YOUR GOAL ▸
Please reproduce the entries below exactly from the line with "Aktuelle Probleme der Peptidforschung" through their last line, leaving out any pictures.

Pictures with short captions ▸
______________________________
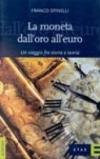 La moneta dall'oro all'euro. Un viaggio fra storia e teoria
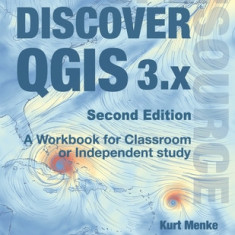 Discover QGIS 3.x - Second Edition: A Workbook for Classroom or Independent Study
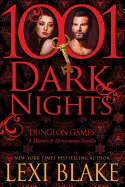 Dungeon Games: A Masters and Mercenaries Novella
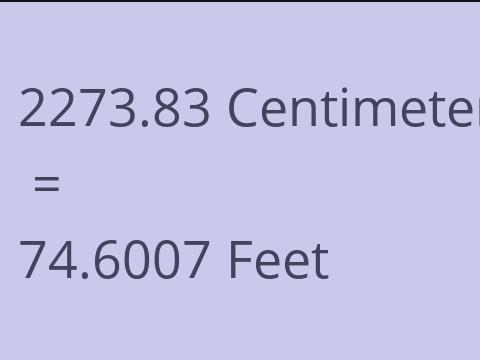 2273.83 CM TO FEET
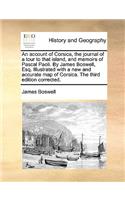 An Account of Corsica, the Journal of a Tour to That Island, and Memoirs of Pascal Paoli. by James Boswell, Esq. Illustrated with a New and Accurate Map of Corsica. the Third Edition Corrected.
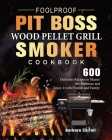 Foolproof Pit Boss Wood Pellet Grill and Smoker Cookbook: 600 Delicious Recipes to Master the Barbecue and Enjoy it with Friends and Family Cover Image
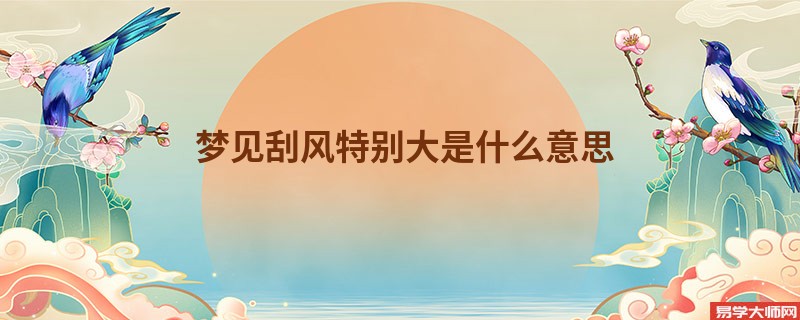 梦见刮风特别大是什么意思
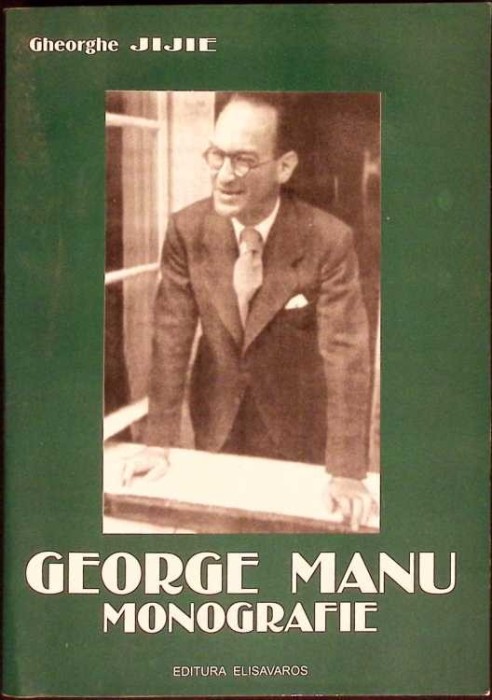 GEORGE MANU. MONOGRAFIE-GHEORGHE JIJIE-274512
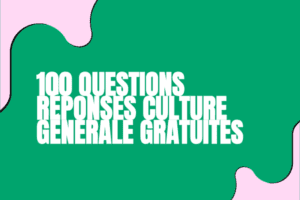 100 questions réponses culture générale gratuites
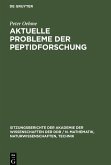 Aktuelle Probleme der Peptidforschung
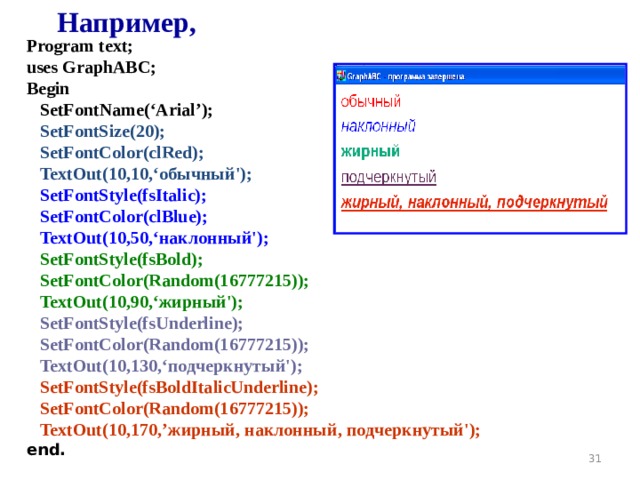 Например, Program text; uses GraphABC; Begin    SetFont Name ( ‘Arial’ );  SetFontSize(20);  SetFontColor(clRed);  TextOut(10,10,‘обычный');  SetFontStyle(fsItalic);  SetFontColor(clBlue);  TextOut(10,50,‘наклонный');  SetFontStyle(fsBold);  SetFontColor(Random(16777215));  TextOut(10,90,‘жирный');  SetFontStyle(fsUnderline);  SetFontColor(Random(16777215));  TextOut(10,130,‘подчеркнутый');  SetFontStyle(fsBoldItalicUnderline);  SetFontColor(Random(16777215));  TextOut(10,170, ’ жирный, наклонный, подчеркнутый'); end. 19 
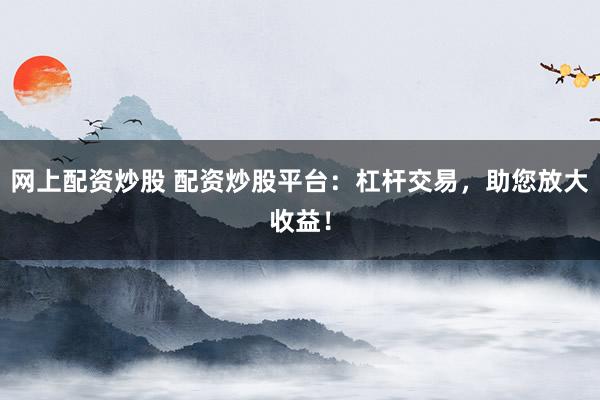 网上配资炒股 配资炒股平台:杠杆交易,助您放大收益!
______________________________
WORKED SOLUTION ▸
 Aktuelle Probleme der Peptidforschung
 Например, Program text; uses GraphABC; Begin    SetFont Name ( ‘Arial’ );  SetFontSize(20);  SetFontColor(clRed);  TextOut(10,10,‘обычный');  SetFontStyle(fsItalic);  SetFontColor(clBlue);  TextOut(10,50,‘наклонный');  SetFontStyle(fsBold);  SetFontColor(Random(16777215));  TextOut(10,90,‘жирный');  SetFontStyle(fsUnderline);  SetFontColor(Random(16777215));  TextOut(10,130,‘подчеркнутый');  SetFontStyle(fsBoldItalicUnderline);  SetFontColor(Random(16777215));  TextOut(10,170, ’ жирный, наклонный, подчеркнутый'); end. 19 
 网上配资炒股 配资炒股平台:杠杆交易,助您放大收益!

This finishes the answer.